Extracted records

- - - - - - -

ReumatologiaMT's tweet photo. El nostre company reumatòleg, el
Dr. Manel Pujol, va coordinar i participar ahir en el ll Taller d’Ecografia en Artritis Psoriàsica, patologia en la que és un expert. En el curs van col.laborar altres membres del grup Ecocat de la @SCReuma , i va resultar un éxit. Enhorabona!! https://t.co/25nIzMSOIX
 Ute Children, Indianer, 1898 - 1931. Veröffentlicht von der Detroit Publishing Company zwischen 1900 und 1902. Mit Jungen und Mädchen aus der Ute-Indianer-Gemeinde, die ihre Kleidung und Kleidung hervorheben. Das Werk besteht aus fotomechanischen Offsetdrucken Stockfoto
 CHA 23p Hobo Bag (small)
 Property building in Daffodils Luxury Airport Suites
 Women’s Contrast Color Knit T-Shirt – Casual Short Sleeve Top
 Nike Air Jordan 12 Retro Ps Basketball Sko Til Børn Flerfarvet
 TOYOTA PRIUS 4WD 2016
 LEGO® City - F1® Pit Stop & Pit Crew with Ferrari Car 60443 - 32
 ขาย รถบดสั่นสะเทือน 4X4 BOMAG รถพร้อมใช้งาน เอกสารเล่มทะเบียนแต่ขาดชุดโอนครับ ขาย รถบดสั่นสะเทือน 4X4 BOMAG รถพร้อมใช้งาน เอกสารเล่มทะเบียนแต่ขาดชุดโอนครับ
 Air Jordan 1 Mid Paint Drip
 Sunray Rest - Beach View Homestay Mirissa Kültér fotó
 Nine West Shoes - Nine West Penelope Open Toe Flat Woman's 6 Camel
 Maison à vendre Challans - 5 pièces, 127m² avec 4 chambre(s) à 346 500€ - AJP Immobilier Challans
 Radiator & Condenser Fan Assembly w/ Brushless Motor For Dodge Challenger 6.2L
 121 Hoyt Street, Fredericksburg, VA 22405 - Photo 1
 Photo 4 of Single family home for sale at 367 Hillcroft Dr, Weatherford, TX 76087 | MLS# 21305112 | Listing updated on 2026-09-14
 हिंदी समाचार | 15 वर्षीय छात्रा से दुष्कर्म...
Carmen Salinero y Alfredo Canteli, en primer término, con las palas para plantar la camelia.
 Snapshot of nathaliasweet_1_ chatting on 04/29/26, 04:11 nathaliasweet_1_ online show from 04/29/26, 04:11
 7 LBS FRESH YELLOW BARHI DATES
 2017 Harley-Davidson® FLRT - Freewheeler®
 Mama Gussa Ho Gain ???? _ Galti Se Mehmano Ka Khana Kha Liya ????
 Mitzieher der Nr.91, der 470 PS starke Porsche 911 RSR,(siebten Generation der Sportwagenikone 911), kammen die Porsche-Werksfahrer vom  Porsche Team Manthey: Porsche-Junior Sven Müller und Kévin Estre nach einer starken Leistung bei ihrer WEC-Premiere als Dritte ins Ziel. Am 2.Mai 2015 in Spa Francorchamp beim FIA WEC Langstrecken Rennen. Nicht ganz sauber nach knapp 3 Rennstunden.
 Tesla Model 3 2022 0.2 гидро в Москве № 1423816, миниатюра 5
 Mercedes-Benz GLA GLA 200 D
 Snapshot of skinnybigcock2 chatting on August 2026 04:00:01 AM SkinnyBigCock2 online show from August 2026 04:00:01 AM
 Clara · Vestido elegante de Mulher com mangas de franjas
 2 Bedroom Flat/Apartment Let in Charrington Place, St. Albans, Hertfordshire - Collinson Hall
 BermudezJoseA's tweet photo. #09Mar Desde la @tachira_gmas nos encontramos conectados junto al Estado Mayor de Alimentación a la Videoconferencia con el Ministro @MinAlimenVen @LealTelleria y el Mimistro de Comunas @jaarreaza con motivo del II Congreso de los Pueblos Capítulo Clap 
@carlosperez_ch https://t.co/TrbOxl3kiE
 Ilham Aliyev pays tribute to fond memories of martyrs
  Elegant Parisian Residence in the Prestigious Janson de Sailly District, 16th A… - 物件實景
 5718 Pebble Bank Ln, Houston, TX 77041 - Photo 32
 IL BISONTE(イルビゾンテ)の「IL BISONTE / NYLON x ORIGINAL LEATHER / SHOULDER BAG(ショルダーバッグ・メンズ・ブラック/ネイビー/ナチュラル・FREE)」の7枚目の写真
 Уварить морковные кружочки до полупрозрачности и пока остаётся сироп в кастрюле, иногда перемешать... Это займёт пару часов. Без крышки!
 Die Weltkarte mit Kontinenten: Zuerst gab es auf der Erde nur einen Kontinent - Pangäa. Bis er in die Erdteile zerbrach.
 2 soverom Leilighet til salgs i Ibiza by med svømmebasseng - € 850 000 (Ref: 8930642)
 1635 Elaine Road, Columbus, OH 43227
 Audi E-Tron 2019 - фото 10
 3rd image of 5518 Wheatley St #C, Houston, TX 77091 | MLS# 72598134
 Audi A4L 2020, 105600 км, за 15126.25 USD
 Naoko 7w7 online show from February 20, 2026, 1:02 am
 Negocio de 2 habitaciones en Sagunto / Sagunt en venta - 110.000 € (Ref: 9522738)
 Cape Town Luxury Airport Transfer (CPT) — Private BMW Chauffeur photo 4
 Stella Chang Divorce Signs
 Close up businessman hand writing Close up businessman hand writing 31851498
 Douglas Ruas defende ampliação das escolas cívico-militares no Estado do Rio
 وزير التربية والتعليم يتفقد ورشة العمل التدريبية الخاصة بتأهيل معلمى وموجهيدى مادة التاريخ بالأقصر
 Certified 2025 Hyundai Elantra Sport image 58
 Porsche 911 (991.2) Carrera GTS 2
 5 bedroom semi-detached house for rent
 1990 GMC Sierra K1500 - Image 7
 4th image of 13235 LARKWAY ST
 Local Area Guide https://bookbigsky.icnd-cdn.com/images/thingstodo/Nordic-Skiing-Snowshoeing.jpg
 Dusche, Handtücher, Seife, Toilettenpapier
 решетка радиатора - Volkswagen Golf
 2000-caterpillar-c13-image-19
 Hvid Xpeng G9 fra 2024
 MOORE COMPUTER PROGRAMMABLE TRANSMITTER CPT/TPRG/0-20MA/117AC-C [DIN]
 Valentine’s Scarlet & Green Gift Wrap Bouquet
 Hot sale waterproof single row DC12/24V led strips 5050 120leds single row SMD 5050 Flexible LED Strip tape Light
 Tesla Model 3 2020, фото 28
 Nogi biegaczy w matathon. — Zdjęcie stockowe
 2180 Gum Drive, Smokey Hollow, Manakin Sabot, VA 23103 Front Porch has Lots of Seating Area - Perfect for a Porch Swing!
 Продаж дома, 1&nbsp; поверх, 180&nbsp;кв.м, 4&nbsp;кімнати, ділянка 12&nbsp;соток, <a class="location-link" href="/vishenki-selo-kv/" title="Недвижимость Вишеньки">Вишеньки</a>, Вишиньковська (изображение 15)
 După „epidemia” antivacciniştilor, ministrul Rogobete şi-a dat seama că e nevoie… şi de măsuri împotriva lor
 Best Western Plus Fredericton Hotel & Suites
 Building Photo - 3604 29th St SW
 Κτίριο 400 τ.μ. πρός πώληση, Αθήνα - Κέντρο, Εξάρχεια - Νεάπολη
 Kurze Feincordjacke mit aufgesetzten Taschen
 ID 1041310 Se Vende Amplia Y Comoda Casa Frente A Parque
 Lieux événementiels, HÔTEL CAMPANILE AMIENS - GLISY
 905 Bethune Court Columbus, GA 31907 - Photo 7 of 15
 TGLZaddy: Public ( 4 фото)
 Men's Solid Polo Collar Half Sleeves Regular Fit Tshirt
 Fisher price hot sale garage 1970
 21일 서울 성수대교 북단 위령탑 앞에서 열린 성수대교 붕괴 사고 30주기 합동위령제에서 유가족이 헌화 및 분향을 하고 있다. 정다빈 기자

- - - - - - -

*What you are asked to do*
All of the data above should be reproduced exactly.

*Result of this task*
ReumatologiaMT's tweet photo. El nostre company reumatòleg, el
Dr. Manel Pujol, va coordinar i participar ahir en el ll Taller d’Ecografia en Artritis Psoriàsica, patologia en la que és un expert. En el curs van col.laborar altres membres del grup Ecocat de la @SCReuma , i va resultar un éxit. Enhorabona!! https://t.co/25nIzMSOIX
 Ute Children, Indianer, 1898 - 1931. Veröffentlicht von der Detroit Publishing Company zwischen 1900 und 1902. Mit Jungen und Mädchen aus der Ute-Indianer-Gemeinde, die ihre Kleidung und Kleidung hervorheben. Das Werk besteht aus fotomechanischen Offsetdrucken Stockfoto
 CHA 23p Hobo Bag (small)
 Property building in Daffodils Luxury Airport Suites
 Women’s Contrast Color Knit T-Shirt – Casual Short Sleeve Top
 Nike Air Jordan 12 Retro Ps Basketball Sko Til Børn Flerfarvet
 TOYOTA PRIUS 4WD 2016
 LEGO® City - F1® Pit Stop & Pit Crew with Ferrari Car 60443 - 32
 ขาย รถบดสั่นสะเทือน 4X4 BOMAG รถพร้อมใช้งาน เอกสารเล่มทะเบียนแต่ขาดชุดโอนครับ ขาย รถบดสั่นสะเทือน 4X4 BOMAG รถพร้อมใช้งาน เอกสารเล่มทะเบียนแต่ขาดชุดโอนครับ
 Air Jordan 1 Mid Paint Drip
 Sunray Rest - Beach View Homestay Mirissa Kültér fotó
 Nine West Shoes - Nine West Penelope Open Toe Flat Woman's 6 Camel
 Maison à vendre Challans - 5 pièces, 127m² avec 4 chambre(s) à 346 500€ - AJP Immobilier Challans
 Radiator & Condenser Fan Assembly w/ Brushless Motor For Dodge Challenger 6.2L
 121 Hoyt Street, Fredericksburg, VA 22405 - Photo 1
 Photo 4 of Single family home for sale at 367 Hillcroft Dr, Weatherford, TX 76087 | MLS# 21305112 | Listing updated on 2026-09-14
 हिंदी समाचार | 15 वर्षीय छात्रा से दुष्कर्म...
Carmen Salinero y Alfredo Canteli, en primer término, con las palas para plantar la camelia.
 Snapshot of nathaliasweet_1_ chatting on 04/29/26, 04:11 nathaliasweet_1_ online show from 04/29/26, 04:11
 7 LBS FRESH YELLOW BARHI DATES
 2017 Harley-Davidson® FLRT - Freewheeler®
 Mama Gussa Ho Gain ???? _ Galti Se Mehmano Ka Khana Kha Liya ????
 Mitzieher der Nr.91, der 470 PS starke Porsche 911 RSR,(siebten Generation der Sportwagenikone 911), kammen die Porsche-Werksfahrer vom  Porsche Team Manthey: Porsche-Junior Sven Müller und Kévin Estre nach einer starken Leistung bei ihrer WEC-Premiere als Dritte ins Ziel. Am 2.Mai 2015 in Spa Francorchamp beim FIA WEC Langstrecken Rennen. Nicht ganz sauber nach knapp 3 Rennstunden.
 Tesla Model 3 2022 0.2 гидро в Москве № 1423816, миниатюра 5
 Mercedes-Benz GLA GLA 200 D
 Snapshot of skinnybigcock2 chatting on August 2026 04:00:01 AM SkinnyBigCock2 online show from August 2026 04:00:01 AM
 Clara · Vestido elegante de Mulher com mangas de franjas
 2 Bedroom Flat/Apartment Let in Charrington Place, St. Albans, Hertfordshire - Collinson Hall
 BermudezJoseA's tweet photo. #09Mar Desde la @tachira_gmas nos encontramos conectados junto al Estado Mayor de Alimentación a la Videoconferencia con el Ministro @MinAlimenVen @LealTelleria y el Mimistro de Comunas @jaarreaza con motivo del II Congreso de los Pueblos Capítulo Clap 
@carlosperez_ch https://t.co/TrbOxl3kiE
 Ilham Aliyev pays tribute to fond memories of martyrs
  Elegant Parisian Residence in the Prestigious Janson de Sailly District, 16th A… - 物件實景
 5718 Pebble Bank Ln, Houston, TX 77041 - Photo 32
 IL BISONTE(イルビゾンテ)の「IL BISONTE / NYLON x ORIGINAL LEATHER / SHOULDER BAG(ショルダーバッグ・メンズ・ブラック/ネイビー/ナチュラル・FREE)」の7枚目の写真
 Уварить морковные кружочки до полупрозрачности и пока остаётся сироп в кастрюле, иногда перемешать... Это займёт пару часов. Без крышки!
 Die Weltkarte mit Kontinenten: Zuerst gab es auf der Erde nur einen Kontinent - Pangäa. Bis er in die Erdteile zerbrach.
 2 soverom Leilighet til salgs i Ibiza by med svømmebasseng - € 850 000 (Ref: 8930642)
 1635 Elaine Road, Columbus, OH 43227
 Audi E-Tron 2019 - фото 10
 3rd image of 5518 Wheatley St #C, Houston, TX 77091 | MLS# 72598134
 Audi A4L 2020, 105600 км, за 15126.25 USD
 Naoko 7w7 online show from February 20, 2026, 1:02 am
 Negocio de 2 habitaciones en Sagunto / Sagunt en venta - 110.000 € (Ref: 9522738)
 Cape Town Luxury Airport Transfer (CPT) — Private BMW Chauffeur photo 4
 Stella Chang Divorce Signs
 Close up businessman hand writing Close up businessman hand writing 31851498
 Douglas Ruas defende ampliação das escolas cívico-militares no Estado do Rio
 وزير التربية والتعليم يتفقد ورشة العمل التدريبية الخاصة بتأهيل معلمى وموجهيدى مادة التاريخ بالأقصر
 Certified 2025 Hyundai Elantra Sport image 58
 Porsche 911 (991.2) Carrera GTS 2
 5 bedroom semi-detached house for rent
 1990 GMC Sierra K1500 - Image 7
 4th image of 13235 LARKWAY ST
 Local Area Guide https://bookbigsky.icnd-cdn.com/images/thingstodo/Nordic-Skiing-Snowshoeing.jpg
 Dusche, Handtücher, Seife, Toilettenpapier
 решетка радиатора - Volkswagen Golf
 2000-caterpillar-c13-image-19
 Hvid Xpeng G9 fra 2024
 MOORE COMPUTER PROGRAMMABLE TRANSMITTER CPT/TPRG/0-20MA/117AC-C [DIN]
 Valentine’s Scarlet & Green Gift Wrap Bouquet
 Hot sale waterproof single row DC12/24V led strips 5050 120leds single row SMD 5050 Flexible LED Strip tape Light
 Tesla Model 3 2020, фото 28
 Nogi biegaczy w matathon. — Zdjęcie stockowe
 2180 Gum Drive, Smokey Hollow, Manakin Sabot, VA 23103 Front Porch has Lots of Seating Area - Perfect for a Porch Swing!
 Продаж дома, 1&nbsp; поверх, 180&nbsp;кв.м, 4&nbsp;кімнати, ділянка 12&nbsp;соток, <a class="location-link" href="/vishenki-selo-kv/" title="Недвижимость Вишеньки">Вишеньки</a>, Вишиньковська (изображение 15)
 După „epidemia” antivacciniştilor, ministrul Rogobete şi-a dat seama că e nevoie… şi de măsuri împotriva lor
 Best Western Plus Fredericton Hotel & Suites
 Building Photo - 3604 29th St SW
 Κτίριο 400 τ.μ. πρός πώληση, Αθήνα - Κέντρο, Εξάρχεια - Νεάπολη
 Kurze Feincordjacke mit aufgesetzten Taschen
 ID 1041310 Se Vende Amplia Y Comoda Casa Frente A Parque
 Lieux événementiels, HÔTEL CAMPANILE AMIENS - GLISY
 905 Bethune Court Columbus, GA 31907 - Photo 7 of 15
 TGLZaddy: Public ( 4 фото)
 Men's Solid Polo Collar Half Sleeves Regular Fit Tshirt
 Fisher price hot sale garage 1970
 21일 서울 성수대교 북단 위령탑 앞에서 열린 성수대교 붕괴 사고 30주기 합동위령제에서 유가족이 헌화 및 분향을 하고 있다. 정다빈 기자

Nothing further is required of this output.